**DIRECTIONS FOR THIS TASK:** Set down, exactly and in full, the line holding "BLANKWAFFEN, Japan /" and all the lines after it until the listing ends, and nothing else.

**DATASET CONTENT:**

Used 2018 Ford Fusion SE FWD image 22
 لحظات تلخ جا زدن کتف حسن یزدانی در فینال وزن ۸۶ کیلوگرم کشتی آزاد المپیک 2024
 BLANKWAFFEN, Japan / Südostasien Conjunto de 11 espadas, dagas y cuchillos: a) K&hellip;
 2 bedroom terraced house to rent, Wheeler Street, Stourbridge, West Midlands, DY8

**COMPLETED TASK:**
 BLANKWAFFEN, Japan / Südostasien Conjunto de 11 espadas, dagas y cuchillos: a) K&hellip;
 2 bedroom terraced house to rent, Wheeler Street, Stourbridge, West Midlands, DY8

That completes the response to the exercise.